Los impuestos específicos se usan para alterar decisiones que son socialmente indeseables. Si algo es más beneficioso para la sociedad que para los privados, lo subsidiamos —y es un argumento por el cual las tasas de interés del CAE están subsidiadas, tener una población marginalmente sobre educada es mejor que una sub educada—, si algo es socialmente más costoso que su costo privado, le ponemos un impuesto. ¿Cuál es el daño que nos hace la educación superior que queremos ponerle un impuesto específico? Si no hay respuesta, entonces tenemos que movernos hacia impuestos generales y, entonces, el uso alternativo de los recursos vuelve a morder fuerte. Financiar la educación superior gratuita universal con impuestos de todos es innegablemente regresivo, la tautología ya no funciona.

El día 20 de junio supimos los resultados de la prueba Simce de Lenguaje de 2º Básico. Uno de cada cuatro alumnos de nuestro sistema educativo no entiende lo que lee. Las brechas, medidas por nivel socioeconómico, son enormes. ¿Cuánto podríamos hacer por estos niños si destináramos los fondos que pagarían la universidad del 10 % más rico a ayudarlos antes de que se abran estas brechas? Existiendo estas brechas, ¿de verdad todavía pretenden convencernos que no existe un conflicto de uso alternativo de recursos?

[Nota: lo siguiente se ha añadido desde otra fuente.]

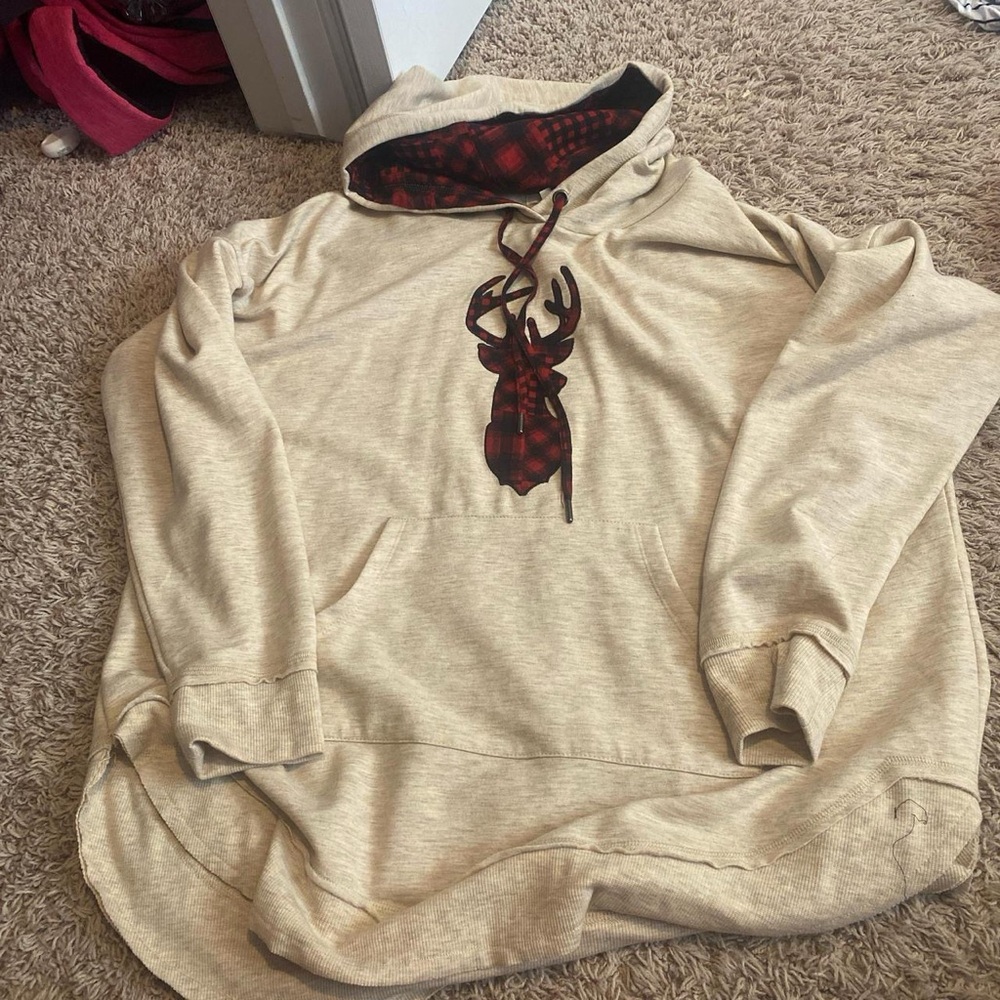 Maurices Beige Hoodie with Red Plaid Accent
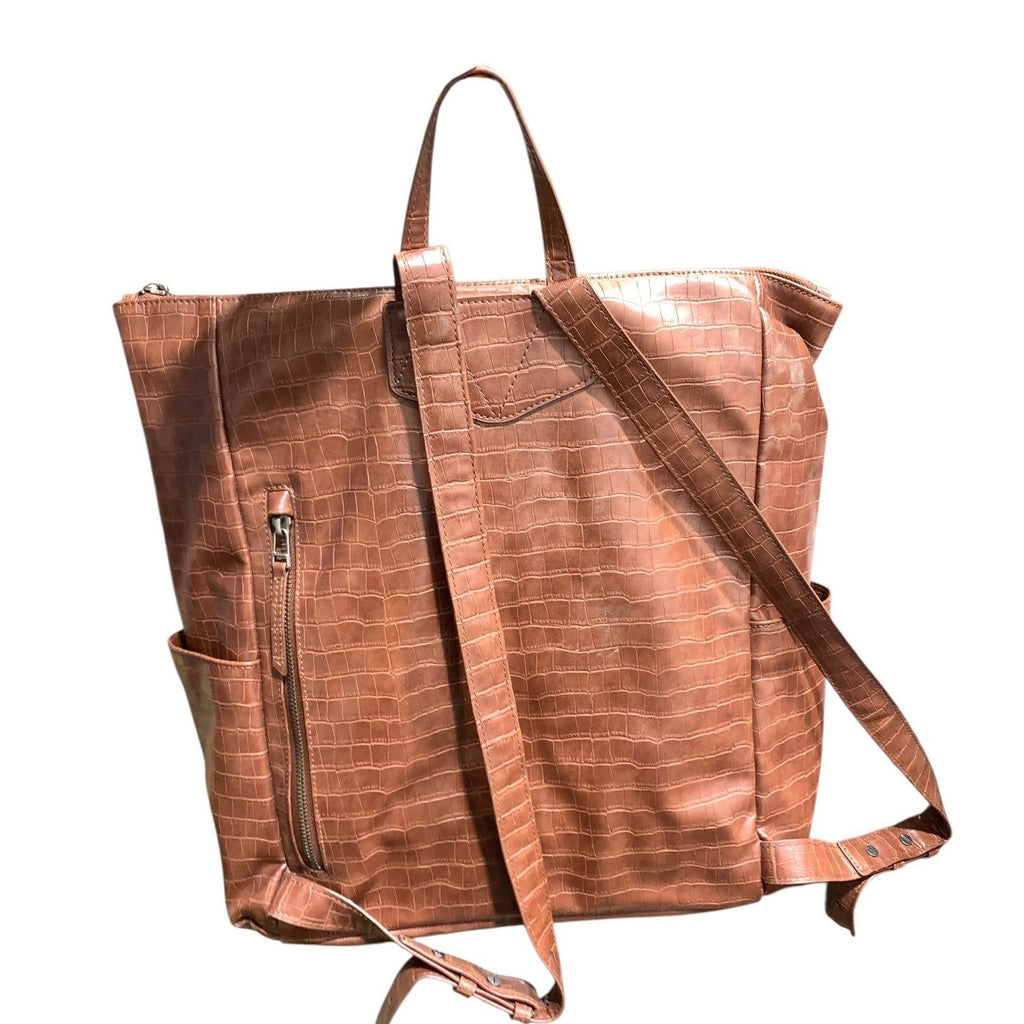 Freshly Picked Brown Croc Embossed Vegan Leather Classic Diaper Bag Backpack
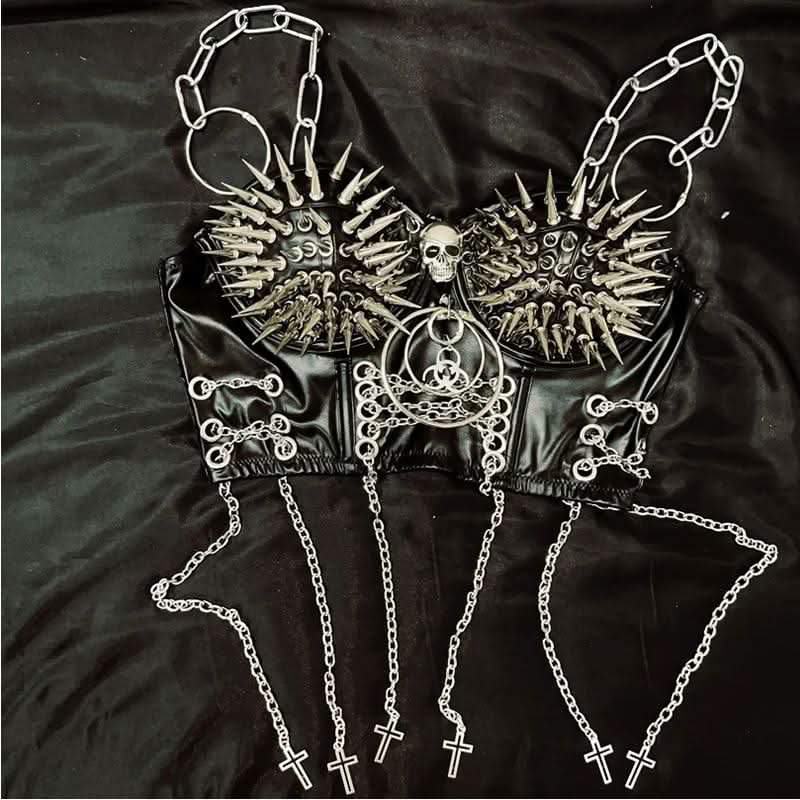 Skull o ring rivet PU leather metal chain cami top  | Festival Outfits Women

Atrapados entre lo que llaman falacias, los proponentes terminan redefiniendo gratuidad de una forma tan curiosa que, de hecho, la hacen desaparecer. Caen en una falacia. Peor aún, presentan un análisis incompleto de su propuesta olvidando premisas básicas de la economía: la gente responde a incentivos y los recursos siempre tienen usos alternativos.